Monday, June 4, 2012

CTU Respect Yourself

I've been so upset about the Chicago Teachers Union strike authorization this week, but I haven't been able to figure out why.  Sure I care about the students who will be left without a school to go to and the hardship these families face, but I realized what the answer was when I head CPS' CEO Jean Claude Brizard tell reporters, "What are they voting on? You’re asking educated professionals to decide something that they don’t know what they’re deciding on. That is disingenuous and disrespectful of teachers."

That's the problem!  Since the Chicago Teachers Union is made up of teachers obviously, the problem is that these teachers don't even respect themselves enough to wait until the Summer to take their strike vote.  Sure they'll say things like the fact finder can't even consider some of the issues most important to them like class size and a better school or they'll say a 2% raise is so insulting, there is no point in waiting.  However, the problem is teachers simply lack self-respect.

Fortunately, philanthropists like myself the Crowns, The Pritzkers love and care about this damned teachers union.  We care about it too much to let a bunch of teachers wreck it, like they already did to the schools care about so much.  It is time we took back the Chicago Teachers Union once and for all from the teachers that are destroying it all in the name of a contract.   I looked up what the ten steps for an intervention were at and I think it's definitely time for an intervention:

Drug Intervention Step #1: Don't Rescue the Addict
Friends and family members can attempt to protect an addict from the consequences of his behavior by making excuses about his addiction or getting him out of trouble.  We can't afford to do this with the teachers.  If they wanted a fair contract, they should have become consultants.

Drug Intervention Step #2: Don't Become an Enabler
Family members should be careful not to reward the addict by paying his bills, bailing him out of jail, letting him stay for free or ignoring his behavior.
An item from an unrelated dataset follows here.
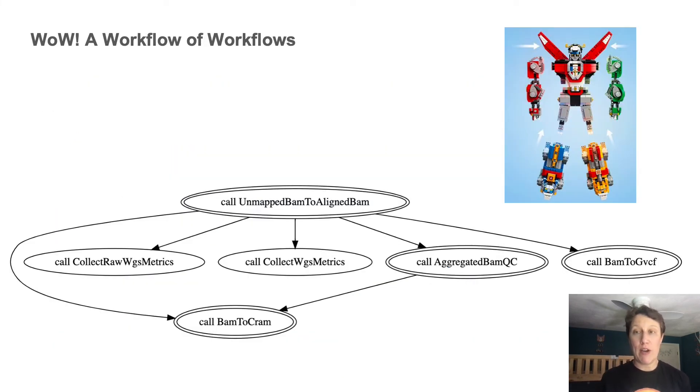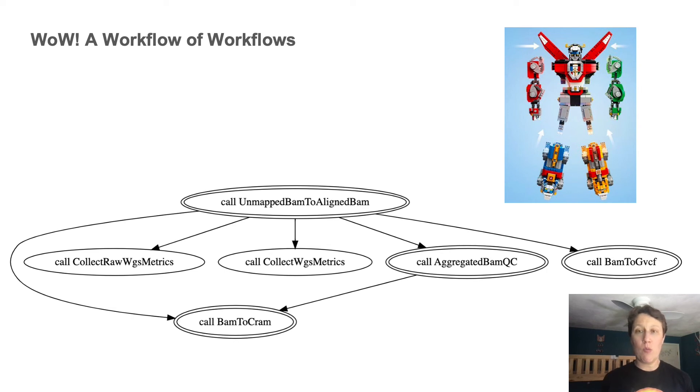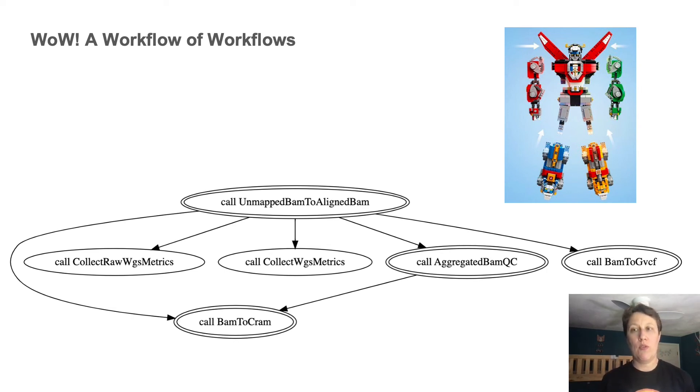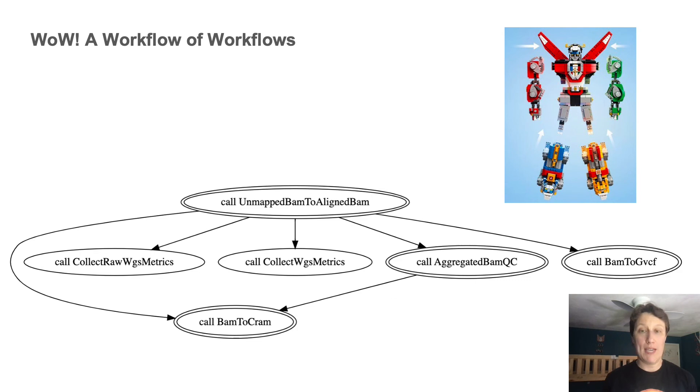Generating the graph diagram still works. So this is what it looks like when you run womtool graph on the top level workflow. And you see the double walled ovals, those represent calls to sub workflows, while single walled ovals are still regular calls to tasks.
In other words, giving them a raise will hurt and will not help their self respect.

Drug Intervention Step #3: Find the Right Time
We've been telling them to wait for Summer to take a vote.

Drug Intervention Step #4: Find Strength in Numbers
Stand for Children has a couple hundred members and I think there's about a half dozen college students in Democrats for Education Reform.  I think we can scrounge up 150 or so.   We need more of you to help us stand up to these teachers and make them confront their problem.

Drug Intervention Step #5: Be Honest
No problem here.  Our school board is really good at this whole honesty thing.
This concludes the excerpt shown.